Alertmanager: Alert severity not correctly set on PagerDuty Alert

Created on 25 Jan 2018  路  13Comments  路  Source: prometheus/alertmanager

I'm trying to migrate to the PagerDuty API v2. I already changed to use the routing_key in the configuration so that AM would use the API v2. What I can not find how to do is passing on to PagerDuty the severity that is declared as a label in the alert.

curl -XPOST -k https://somehost/api/v1/alerts -d '[{
        "status": "firing",
        "labels": {
                "alertname": "TestAlertWarning-13127",
                "service": "my-service",
                "team": "C Team",
                "severity":"warning",
                "instance": "TestAlertWarning-13127.example.net"
        },
        "annotations": {
                "summary": "High latency is high!"
        },
        "generatorURL": "http://prometheus.int.example.net/<generating_expression>"
}]'

What is happening now is that AM is sending a "error" severity to PagerDuty, which looking in the code I could see that is the default behavior when no severity is set.
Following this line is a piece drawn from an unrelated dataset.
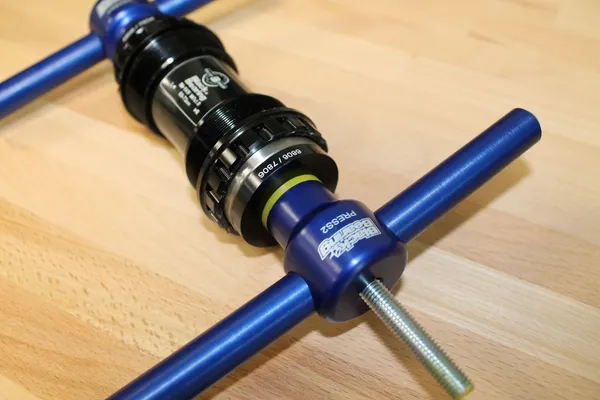 Outil pro presse à roulements BLACK BEARING malette complète avec 2 presses et 34 cales aluminium CNC anodisé - vue 4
Not sure if it is a code or documentation issue, would appreciate some help.

  • Alertmanager version:

Branch: HEAD
BuildDate: 20180112-10:32:46
BuildUser: root@d83981af1d3d
GoVersion: go1.9.2
Revision: fb713f6d8239b57c646cae30f78e8b4b8861a1aa
Version: 0.13.0

  • Prometheus version:

Version 1.8.2
Revision 5211b96d4d1291c3dd1a569f711d3b301b635ecb
Branch HEAD
BuildUser root@1412e937e4ad
BuildDate 20171104-16:09:14
GoVersion go1.9.2

  • Alertmanager configuration file:
  - receiver: CTeam-pagerduty-alert
    match:
      team: C Team
...
- name: CTeam-pagerduty-alert
  pagerduty_configs:
  - send_resolved: true
    routing_key: <secret>
    url: https://events.pagerduty.com/v2/enqueue
    client: '{{ template "pagerduty.default.client" . }}'
    client_url: '{{ template "pagerduty.default.clientURL" . }}'
    description: '{{ template "pagerduty.default.description" .}}'
    details:
      firing: '{{ template "pagerduty.default.instances" .Alerts.Firing }}'
      num_firing: '{{ .Alerts.Firing | len }}'
      num_resolved: '{{ .Alerts.Resolved | len }}'
      resolved: '{{ template "pagerduty.default.instances" .Alerts.Resolved }}'

Most helpful comment

@swestcott @mjuarez

What worked for me was ".CommonLabels.severity".

We then added this:

{{ if .CommonLabels.severity }}{{ .CommonLabels.severity | toLower }}{{ else }}critical{{ end }}

Which makes the severity label low case, the PagerDuty API seems to like it more. We then force an alert to be critical in case severity is not set, which I think is a good practice.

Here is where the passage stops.